# H2O Drive
This tutorial walks through how to import data that a user has uploaded into the H2O Drive app to use in your own apps or notebooks. It also shows how to save data so that you can access it in new versions of the app or notebook. 

**Requirement:** This code will only run from inside of an H2O AI Cloud system - it will fail for local development. 

In [1]:
CLIENT_ID = "q8s-internal-platform"
TOKEN_ENDPOINT = "https://auth.demo.h2o.ai/auth/realms/q8s-internal/protocol/openid-connect/token"
REFRESH_TOKEN = "https://cloud-internal.h2o.ai/auth/get-platform-token"

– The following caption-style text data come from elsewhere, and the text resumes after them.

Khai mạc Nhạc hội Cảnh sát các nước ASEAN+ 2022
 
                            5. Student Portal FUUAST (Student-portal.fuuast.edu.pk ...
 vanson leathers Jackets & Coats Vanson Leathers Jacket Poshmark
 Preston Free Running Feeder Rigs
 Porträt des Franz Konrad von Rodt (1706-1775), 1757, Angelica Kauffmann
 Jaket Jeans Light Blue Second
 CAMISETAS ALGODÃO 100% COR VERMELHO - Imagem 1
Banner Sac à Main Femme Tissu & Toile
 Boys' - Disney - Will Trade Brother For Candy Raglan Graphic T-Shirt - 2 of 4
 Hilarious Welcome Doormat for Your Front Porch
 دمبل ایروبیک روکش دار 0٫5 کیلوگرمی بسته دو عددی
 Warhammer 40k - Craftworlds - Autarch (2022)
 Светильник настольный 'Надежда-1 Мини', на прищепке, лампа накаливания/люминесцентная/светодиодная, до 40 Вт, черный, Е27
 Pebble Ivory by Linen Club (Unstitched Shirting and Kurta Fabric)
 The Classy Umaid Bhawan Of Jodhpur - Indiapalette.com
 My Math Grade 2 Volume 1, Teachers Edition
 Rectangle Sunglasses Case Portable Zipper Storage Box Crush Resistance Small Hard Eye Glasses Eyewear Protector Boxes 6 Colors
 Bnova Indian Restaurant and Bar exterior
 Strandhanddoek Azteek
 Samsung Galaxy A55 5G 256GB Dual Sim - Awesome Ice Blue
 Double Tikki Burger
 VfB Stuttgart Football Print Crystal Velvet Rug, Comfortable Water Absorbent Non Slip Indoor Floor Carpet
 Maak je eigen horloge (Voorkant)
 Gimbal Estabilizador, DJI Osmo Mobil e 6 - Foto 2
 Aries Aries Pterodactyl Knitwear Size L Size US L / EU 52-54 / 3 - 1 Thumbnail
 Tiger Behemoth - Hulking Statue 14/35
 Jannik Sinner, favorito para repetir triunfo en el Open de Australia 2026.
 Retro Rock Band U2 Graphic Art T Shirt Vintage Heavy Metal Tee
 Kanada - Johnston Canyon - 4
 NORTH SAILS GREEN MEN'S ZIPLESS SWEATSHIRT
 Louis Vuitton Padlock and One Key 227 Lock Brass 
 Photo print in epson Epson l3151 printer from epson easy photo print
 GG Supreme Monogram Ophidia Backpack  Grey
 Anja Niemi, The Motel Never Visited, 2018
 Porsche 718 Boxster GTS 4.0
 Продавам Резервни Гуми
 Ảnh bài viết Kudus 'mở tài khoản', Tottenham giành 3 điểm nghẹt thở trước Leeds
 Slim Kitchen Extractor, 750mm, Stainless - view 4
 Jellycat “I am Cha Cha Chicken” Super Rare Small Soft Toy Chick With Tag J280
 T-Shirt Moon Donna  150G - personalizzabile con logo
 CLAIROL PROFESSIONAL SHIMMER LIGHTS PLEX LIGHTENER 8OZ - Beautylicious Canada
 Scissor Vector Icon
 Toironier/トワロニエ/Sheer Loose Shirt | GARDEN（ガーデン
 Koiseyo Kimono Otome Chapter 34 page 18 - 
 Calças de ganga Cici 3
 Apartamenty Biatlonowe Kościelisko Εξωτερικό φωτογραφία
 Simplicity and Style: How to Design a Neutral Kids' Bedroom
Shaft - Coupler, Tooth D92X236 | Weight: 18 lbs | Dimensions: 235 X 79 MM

DRIVE_URL = "http://drive-internal-drive-service.drive-internal:8081"

In [2]:
# !pip install https://s3.amazonaws.com/artifacts.h2o.ai/releases/ai/h2o/drive/v0.5.1/python/h2o-drive-0.5.1.tar.gz
# !pip install h2o_authn

In [3]:
from getpass import getpass

import h2o_drive
import h2o_authn

import pandas as pd

## Securely connect to the platform
We first connect to the H2O AI Cloud using our personal access token to create a token provider object. We can then use this object to log into Drive and other APIs.

In [4]:
print(f"Visit {REFRESH_TOKEN} to get your personal access token")
tp = h2o_authn.TokenProvider(
    refresh_token=getpass("Enter your access token: "),
    client_id=CLIENT_ID,
    token_endpoint_url=TOKEN_ENDPOINT
)

Visit https://cloud-internal.h2o.ai/auth/get-platform-token to get your personal access token


Enter your access token:  ···········································································································································································································································································································································································································································································································································································································································································································································································································


## Access all Drive data for this user
For whichever user is logged in, presumably "you" in a Notebook but your app-users in a Wave App, list everything in the bucket that they own.

In [5]:
user_bucket = await h2o_drive.MyBucket(token=tp.as_async(), endpoint_url=DRIVE_URL)

In [6]:
user_files = await user_bucket.list_objects()

In [7]:
for f in user_files:
    print(f.key)

ai.h2o.drive/workspace/connector_credentials.json
apps/jupter-poc/workspace/h2o_drive-2022-03-30.ipynb
home/churnTest.csv
home/demo_datasets/Amazon_Reviews/amazon_reviews.csv
home/demo_datasets/Employee_Attrition/employee_attrition.csv
home/demo_datasets/Home_Prices/house_prices.csv
home/demo_datasets/S_P_Forecasting/sandp_test.csv
home/demo_datasets/S_P_Forecasting/sandp_train.csv
home/demo_datasets/Telco_Churn/telco_customer_churn.csv
home/demo_datasets/Walmart_Forecasting/walmart_test.csv
home/demo_datasets/Walmart_Forecasting/walmart_train.csv
jupter-poc/workspace/my_chanages_churnTest.csv


## User's uploaded data
All files uploaded by the user in the H2O Drive App. We filter by looking data in the `Home` workspace of this user. 

This is what you might show on an `Import Data` drop downlist in a wave app: 
```python
file_choices = [ui.choice(name=f.key, label=f.key) for f in user_drive_app_files]
```


In [8]:
user_drive_app_files = await user_bucket.workspace(h2o_drive.Workspace.HOME).list_objects()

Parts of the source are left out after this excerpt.